Dass britische Medien mit überdrehten Polit-Analysen auf den recht schlichten Rat der Queen reagieren, "gut übereinander zu reden, unterschiedliche Standpunkte zu respektieren, Gemeinsamkeiten auszuloten und niemals das größere Bild aus dem Auge zu verlieren". Auch wenn dabei das Wort "Brexit" nirgends zu finden ist.

Und dass die Briten seit Wochen lesen, die königliche Familie würde rasch aus London evakuiert werden, sollte der Streit um den EU-Austritt die Straße erreichen.

Was Elisabeth aber offenkundig doch will: gut verschlüsselt deutlich machen, dass die Royals keine neutralen, leidenschaftslosen Zuschauer des gegenwärtigen Dramas sind. Und dass das vielgelobte "Mutterland der Demokratie" seine Stabilität nicht länger gefährden dürfe.

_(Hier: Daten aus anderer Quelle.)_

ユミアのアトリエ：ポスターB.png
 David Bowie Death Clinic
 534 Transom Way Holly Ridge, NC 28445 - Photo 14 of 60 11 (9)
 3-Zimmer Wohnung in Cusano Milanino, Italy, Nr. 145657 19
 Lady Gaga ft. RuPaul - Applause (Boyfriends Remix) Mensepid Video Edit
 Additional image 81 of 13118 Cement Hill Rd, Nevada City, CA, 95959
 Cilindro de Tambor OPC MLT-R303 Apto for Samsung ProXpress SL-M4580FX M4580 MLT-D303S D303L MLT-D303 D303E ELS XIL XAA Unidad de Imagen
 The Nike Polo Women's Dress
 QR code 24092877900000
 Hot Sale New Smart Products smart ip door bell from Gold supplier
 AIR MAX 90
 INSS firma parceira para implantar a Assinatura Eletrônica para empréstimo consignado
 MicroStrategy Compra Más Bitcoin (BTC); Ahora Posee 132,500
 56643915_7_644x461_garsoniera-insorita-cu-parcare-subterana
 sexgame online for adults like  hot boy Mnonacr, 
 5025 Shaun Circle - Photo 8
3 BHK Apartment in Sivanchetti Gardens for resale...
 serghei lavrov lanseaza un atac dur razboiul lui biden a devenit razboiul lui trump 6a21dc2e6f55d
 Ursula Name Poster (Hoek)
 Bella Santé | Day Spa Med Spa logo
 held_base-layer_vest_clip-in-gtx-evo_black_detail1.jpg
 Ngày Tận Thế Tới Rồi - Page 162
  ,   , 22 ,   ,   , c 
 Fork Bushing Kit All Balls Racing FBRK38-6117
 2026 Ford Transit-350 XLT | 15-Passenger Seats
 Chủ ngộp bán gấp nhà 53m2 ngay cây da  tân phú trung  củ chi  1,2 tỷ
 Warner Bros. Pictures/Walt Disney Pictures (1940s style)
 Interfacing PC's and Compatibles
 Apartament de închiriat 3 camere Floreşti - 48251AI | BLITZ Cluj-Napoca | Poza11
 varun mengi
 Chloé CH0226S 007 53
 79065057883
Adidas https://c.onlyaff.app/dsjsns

Denn: wie sehr die bisher so erprobte britische "Verbindung einer liberalen politischen Kultur und einer archaischen Verfassung" (The Guardian) zuletzt ins Trudeln geraten ist, das hat dieser Tage der Seite-1-Titel der New York Times deutlich gemacht: "Es ist offiziell: Großbritannien ist verrückt geworden!"